Teoretycznie nie powinienem nawet pisać, że jest referendum w sprawie odwołania HGW, bo to HGW jest bohaterem całej tej szopki z odwołaniem obecnego prezydenta miasta, a prawdopodobnie przyszłego komisarza.
Gdy PO dąży do odwołania urzędującego prezydenta – dobrze. Gdy to prezydent z PO ma być odwołany – źle, podnosimy próg ważności referendum, w sprawę angażują się prezydent, premier i arcybiskup, namawiają by nie brać udziału w wyborach. Trzy najważniejsze osoby w państwie, dwie wybrane w wyborach demokratycznych, namawiają do odstąpienia od demokracji, byle swój został przy korycie. Znów się zbliżam do granicy ciszy wyborczej.
– Dzień dobry, jaka jest obecnie frekwencja?
– Nie mogę udzielić takiej informacji ponieważ obowiązuje cisza wyborcza.

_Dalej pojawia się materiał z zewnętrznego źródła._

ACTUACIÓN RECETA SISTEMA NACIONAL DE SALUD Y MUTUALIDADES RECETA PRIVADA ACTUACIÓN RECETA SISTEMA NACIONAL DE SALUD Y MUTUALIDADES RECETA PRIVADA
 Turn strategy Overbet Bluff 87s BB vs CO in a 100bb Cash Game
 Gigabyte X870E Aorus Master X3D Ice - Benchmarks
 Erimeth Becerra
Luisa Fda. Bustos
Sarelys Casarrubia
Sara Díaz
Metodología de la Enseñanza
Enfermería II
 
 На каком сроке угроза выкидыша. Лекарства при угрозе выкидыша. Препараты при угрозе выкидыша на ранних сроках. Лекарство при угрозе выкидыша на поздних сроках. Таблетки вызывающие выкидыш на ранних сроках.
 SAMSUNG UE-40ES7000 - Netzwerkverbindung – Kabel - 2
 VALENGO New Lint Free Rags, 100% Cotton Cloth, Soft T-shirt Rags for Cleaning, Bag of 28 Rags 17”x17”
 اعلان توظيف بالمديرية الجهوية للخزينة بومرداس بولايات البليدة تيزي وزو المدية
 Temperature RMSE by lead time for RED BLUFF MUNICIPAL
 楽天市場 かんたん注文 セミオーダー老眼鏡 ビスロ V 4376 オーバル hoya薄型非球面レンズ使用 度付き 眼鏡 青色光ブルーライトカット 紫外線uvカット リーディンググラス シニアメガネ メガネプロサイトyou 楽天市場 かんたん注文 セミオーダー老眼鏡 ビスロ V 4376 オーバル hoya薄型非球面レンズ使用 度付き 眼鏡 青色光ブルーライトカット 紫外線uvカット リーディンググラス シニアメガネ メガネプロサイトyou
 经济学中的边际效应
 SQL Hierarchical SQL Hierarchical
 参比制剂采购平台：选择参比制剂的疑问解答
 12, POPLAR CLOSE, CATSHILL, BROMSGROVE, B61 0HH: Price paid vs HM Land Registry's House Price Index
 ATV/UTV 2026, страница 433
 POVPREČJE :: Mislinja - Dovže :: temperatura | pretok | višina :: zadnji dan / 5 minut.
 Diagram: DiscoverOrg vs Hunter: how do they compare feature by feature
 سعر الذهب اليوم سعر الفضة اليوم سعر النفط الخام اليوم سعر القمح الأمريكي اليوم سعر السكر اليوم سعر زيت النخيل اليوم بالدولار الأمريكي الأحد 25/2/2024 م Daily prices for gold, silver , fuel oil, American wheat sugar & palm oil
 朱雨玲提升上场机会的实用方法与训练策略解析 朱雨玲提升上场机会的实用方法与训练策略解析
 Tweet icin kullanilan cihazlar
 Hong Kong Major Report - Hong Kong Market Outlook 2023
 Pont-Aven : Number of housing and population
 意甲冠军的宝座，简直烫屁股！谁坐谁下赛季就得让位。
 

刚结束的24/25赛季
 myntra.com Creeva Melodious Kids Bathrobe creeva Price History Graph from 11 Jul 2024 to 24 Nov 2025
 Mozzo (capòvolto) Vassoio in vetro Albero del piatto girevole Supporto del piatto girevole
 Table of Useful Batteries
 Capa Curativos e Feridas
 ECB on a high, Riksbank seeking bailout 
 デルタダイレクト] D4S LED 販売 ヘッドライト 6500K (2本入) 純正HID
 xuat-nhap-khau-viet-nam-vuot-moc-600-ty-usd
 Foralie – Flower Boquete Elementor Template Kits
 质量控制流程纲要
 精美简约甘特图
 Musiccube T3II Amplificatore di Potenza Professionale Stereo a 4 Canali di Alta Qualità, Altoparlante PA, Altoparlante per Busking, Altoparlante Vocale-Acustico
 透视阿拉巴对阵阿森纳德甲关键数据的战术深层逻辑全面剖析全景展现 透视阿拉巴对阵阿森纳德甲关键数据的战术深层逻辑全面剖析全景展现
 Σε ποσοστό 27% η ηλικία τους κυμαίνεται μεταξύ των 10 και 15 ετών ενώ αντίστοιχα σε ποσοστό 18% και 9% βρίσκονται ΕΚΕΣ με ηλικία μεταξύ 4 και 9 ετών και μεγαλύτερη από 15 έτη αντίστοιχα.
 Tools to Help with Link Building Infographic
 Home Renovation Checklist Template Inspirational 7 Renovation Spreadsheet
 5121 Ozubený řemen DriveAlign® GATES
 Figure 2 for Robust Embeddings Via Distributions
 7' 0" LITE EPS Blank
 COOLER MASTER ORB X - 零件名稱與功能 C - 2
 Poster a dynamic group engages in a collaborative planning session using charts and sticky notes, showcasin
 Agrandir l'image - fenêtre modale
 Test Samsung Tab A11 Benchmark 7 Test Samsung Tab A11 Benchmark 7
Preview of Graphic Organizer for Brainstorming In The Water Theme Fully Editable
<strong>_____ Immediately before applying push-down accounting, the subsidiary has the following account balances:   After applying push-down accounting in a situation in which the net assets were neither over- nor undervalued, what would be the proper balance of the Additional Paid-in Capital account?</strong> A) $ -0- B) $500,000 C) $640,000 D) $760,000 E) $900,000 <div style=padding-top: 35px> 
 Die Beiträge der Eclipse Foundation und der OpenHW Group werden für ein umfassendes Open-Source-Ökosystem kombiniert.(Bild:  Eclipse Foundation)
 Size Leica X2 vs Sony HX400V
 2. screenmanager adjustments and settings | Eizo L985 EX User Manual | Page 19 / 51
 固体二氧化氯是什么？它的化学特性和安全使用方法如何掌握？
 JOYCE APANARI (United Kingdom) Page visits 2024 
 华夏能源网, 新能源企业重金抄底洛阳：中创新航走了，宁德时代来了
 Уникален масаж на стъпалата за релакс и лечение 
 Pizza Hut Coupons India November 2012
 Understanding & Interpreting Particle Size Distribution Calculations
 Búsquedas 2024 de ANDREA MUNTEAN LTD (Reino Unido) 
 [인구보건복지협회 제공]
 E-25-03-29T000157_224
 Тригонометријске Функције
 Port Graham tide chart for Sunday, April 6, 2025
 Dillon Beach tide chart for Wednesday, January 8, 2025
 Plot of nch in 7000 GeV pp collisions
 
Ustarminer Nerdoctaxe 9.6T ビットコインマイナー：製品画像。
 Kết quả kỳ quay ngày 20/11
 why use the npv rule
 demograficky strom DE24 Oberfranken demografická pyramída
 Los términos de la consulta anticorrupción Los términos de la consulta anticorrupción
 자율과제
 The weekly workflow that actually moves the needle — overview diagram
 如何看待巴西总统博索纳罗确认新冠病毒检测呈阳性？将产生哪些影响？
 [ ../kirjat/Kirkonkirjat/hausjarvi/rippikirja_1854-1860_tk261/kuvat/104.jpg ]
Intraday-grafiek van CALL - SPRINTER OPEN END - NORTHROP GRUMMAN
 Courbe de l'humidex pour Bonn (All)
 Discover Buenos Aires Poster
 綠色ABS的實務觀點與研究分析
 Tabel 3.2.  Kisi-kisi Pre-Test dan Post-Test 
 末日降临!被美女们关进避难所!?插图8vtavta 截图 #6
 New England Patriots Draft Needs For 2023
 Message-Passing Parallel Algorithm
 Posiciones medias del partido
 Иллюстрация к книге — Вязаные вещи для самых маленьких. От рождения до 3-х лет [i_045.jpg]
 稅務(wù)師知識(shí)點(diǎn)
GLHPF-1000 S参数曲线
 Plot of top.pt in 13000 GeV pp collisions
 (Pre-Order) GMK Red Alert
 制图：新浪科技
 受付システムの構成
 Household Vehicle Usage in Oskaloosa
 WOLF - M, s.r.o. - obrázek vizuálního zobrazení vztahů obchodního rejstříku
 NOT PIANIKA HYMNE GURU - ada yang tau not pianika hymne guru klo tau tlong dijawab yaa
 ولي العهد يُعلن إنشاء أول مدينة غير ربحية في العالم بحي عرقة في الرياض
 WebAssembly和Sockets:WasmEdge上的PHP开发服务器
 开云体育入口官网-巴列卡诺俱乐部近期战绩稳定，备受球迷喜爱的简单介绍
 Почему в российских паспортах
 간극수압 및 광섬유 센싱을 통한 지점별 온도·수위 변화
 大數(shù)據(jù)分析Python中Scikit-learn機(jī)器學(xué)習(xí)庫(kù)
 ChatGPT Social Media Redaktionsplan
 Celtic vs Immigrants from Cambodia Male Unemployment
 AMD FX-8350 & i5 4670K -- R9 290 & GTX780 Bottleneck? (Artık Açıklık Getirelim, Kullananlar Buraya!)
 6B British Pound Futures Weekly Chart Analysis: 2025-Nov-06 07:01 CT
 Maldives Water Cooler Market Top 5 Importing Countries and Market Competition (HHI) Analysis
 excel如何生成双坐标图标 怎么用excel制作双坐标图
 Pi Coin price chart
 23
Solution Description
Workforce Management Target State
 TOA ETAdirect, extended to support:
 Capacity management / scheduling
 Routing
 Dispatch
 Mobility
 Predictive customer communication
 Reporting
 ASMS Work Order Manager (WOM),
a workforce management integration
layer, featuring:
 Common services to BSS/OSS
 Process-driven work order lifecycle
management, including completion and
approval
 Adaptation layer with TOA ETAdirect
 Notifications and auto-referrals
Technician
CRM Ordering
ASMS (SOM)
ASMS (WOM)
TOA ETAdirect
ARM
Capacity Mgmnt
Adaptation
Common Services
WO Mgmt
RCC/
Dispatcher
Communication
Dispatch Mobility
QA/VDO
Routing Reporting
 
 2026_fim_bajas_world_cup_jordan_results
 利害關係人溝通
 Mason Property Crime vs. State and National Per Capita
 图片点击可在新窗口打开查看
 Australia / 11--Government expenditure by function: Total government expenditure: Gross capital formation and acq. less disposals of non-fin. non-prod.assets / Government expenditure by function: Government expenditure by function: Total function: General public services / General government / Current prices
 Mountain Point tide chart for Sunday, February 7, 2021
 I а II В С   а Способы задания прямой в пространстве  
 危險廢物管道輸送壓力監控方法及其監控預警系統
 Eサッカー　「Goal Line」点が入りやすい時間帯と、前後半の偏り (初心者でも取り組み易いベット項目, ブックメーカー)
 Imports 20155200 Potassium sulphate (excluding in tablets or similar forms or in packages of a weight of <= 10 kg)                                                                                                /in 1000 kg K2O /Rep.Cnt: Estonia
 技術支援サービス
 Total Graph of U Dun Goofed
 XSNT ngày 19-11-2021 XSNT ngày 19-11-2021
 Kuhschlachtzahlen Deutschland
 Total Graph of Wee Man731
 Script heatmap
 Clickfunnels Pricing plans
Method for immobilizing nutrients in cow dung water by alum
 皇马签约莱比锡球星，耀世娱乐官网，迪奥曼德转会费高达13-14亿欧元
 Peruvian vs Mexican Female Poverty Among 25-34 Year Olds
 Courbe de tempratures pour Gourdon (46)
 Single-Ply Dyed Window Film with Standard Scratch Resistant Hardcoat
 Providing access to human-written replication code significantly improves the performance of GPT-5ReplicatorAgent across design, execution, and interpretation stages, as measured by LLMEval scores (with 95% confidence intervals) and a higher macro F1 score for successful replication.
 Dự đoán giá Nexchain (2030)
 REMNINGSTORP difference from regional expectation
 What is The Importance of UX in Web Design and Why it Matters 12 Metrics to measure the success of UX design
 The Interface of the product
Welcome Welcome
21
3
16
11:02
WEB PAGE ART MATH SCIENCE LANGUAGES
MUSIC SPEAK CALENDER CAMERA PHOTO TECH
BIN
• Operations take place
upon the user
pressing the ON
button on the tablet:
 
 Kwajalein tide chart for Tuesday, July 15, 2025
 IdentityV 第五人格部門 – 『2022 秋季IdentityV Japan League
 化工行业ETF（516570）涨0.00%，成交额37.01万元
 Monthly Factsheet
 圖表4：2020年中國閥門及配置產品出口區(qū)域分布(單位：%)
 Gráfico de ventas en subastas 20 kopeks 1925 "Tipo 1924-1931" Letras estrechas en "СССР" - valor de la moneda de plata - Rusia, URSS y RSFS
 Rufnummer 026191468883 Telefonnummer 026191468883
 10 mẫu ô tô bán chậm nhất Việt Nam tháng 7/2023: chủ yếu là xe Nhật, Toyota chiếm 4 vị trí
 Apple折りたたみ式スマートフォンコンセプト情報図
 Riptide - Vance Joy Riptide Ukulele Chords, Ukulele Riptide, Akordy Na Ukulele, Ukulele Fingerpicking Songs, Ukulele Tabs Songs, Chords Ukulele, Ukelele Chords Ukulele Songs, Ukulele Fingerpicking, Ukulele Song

Na zakończenie – w lokalu wyborczym nie dowiedziałem się, jaka jest frekwencja, bo jest cisza wyborcza. W trakcie normalnych wyborów frekwencja nie jest objęta ciszą wyborczą. Ciekawe… Tak jak to, że tym razem większość członków komisji wyborczych stanowią urzędnicy miejscy (znowu – z ramienia PO).
Pierwsza notka od hmm.. kilku miesięcy? Z powodu pewnego mało istotnego, acz silnego w skutkach wydarzenia?